What I would still happily call the pinnacle of FPS gaming, Perfect Dark had me hooked the very first time I played it. I can still recall the first time vividly in my mind – hiring it with a friend on a Friday night at my Dad’s for the weekend, sitting down that night and getting lost in the multiplayer, playing with the bots running around, figuring out the weapons and gadgets, making up imaginary scenarios as to why these bots were opposing us and what they were after. We didn’t have an expansion pack for my N64, so what we could actually do was limited – but it was more than enough for an amazing weekend of play.
Years later, it would end up being the reason I signed up for eBay & PayPal accounts, which lead to me sitting in my room in the shack late at night, laid back on my special beanbag, playing through the amazing single player campaign.
The fact that this game had co-op campaign mode was also something fantastic that must be mentioned. Playing through the missions with a friend was a brilliant addition to an already brilliant game.
There are several other games that are fantastic which were also made by Rare for the N64, but these games have impacted me in different ways.
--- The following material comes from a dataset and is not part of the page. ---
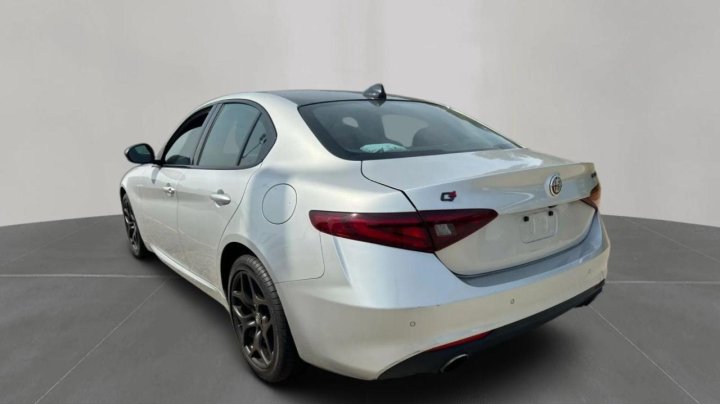 Alfa Romeo GIULIA SPORT 2021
Diddy Kong Racing – A game I only ever got to play at friends’ houses, I enjoyed this just as much as (if not more than) Mario Kart 64. The Ability to use planes and hovercrafts, the difference in the weapons, the amazing character roster all came together to make a great game. Years later I have purchased and partially played through this game – up to a point where I got stuck on some races, which I haven’t gone back to since. I find kart racing games not as enjoyable when you’re on your own – they really need to be played with friends (if anyone is good at this and wants to help me push through it to the end, I’m all ears).
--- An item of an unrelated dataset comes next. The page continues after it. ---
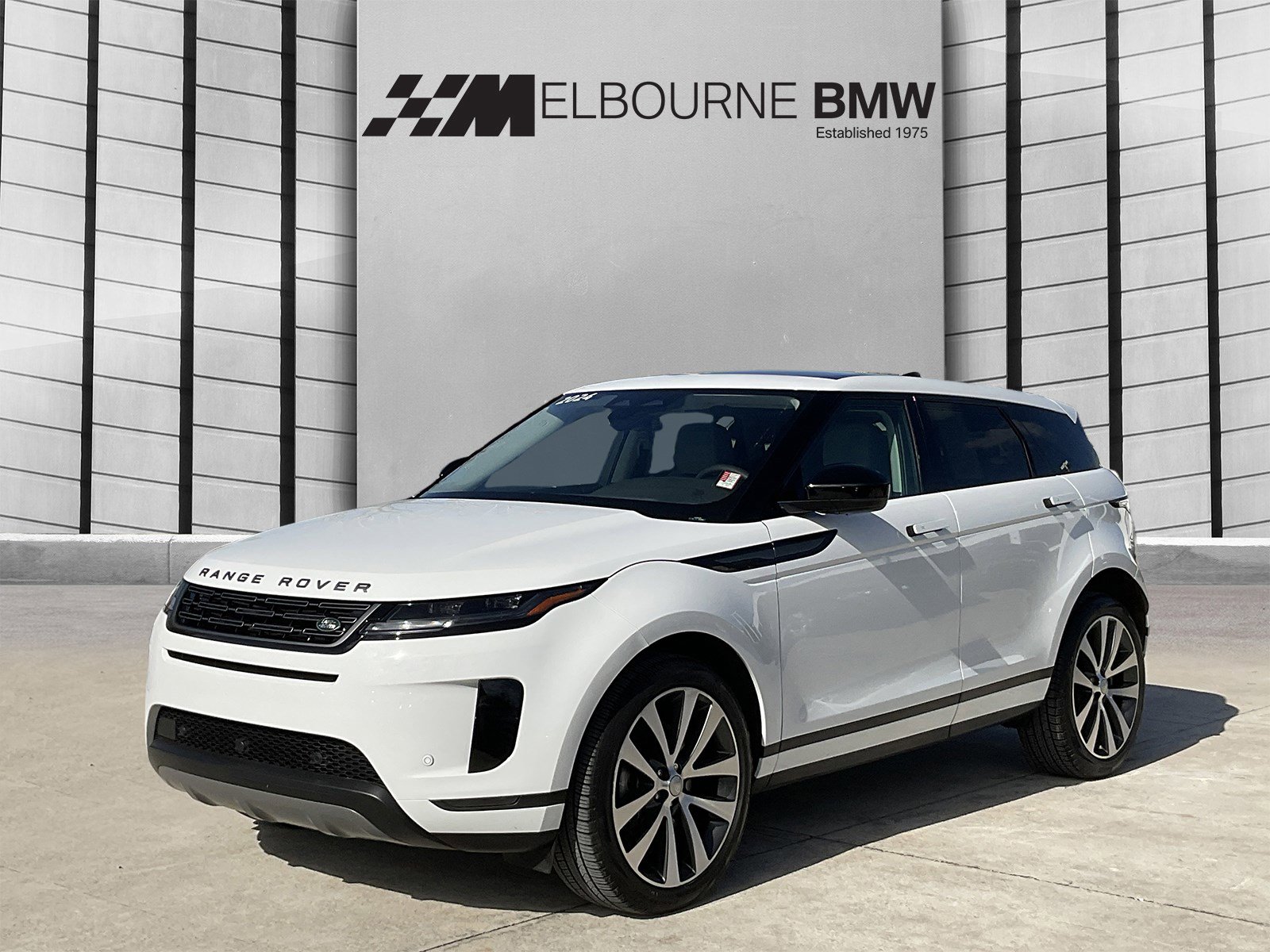 Used 2024 Land Rover Range Rover Evoque S image 3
Conkers Bad Fur Day – this game only ended up coming into my possession due to an unfortunate series of events for my sister, who was robbed of her N64. While I haven’t played through the story yet (it’s on my pile) the myriad multiplayer modes in this game put an adult spin on what appears to be a cute game – making for some hilarious times. The multiplayer tank minigame especially was one I spent many hours in with the niece and nephew, and peeing on each other in the bathroom section of a warzone level – priceless.
Banjo Tooie – I am told this is just as great as the original, I do own it, but again – haven’t had a chance to actually sit down and play it. I will get to this one day.
Donkey Kong 64 – a once off go at a friends’ house, playing as Tiny Kong, gliding around using her spinning hair trick – I was sold. All 5 playable characters are great in this game, and the puzzles are brilliant. Apart from playing through some of the game when a friend lent it to me, I didn’t get a chance to play this until I was 21, and again, still haven’t finished it. When the mood strikes me again, I will pick up where I left off and get all the bananas.
As you might imagine, one of my favourite announcements of Microsoft's E3 2015 conference was Rare Replay, a bundle of 30 games created by Rare over the years. While I don't currently have an Xbox One... This might just tip me over the edge into purchasing one. I might finally get a chance to try out the allegedly horrible Perfect Dark Zero.
Just as exciting is the new IP title from Rare, Sea of Thieves. I'm not overly into online multiplayer games, but this looks like an interesting idea in that classic Rare style - something I'm definitely keen to try out.
Rare’s impact on my gaming life has played a significant part on where I am today, the type of games I enjoy playing and part of the reason why gaming is a passion of mine. While some of Rare’s characters such as Banjo and Joanna Dark may not be around in a similar vein as its comparative equivalents in Mario and Masterchief, they will always hold a special place in my heart and personal gaming hall of fame.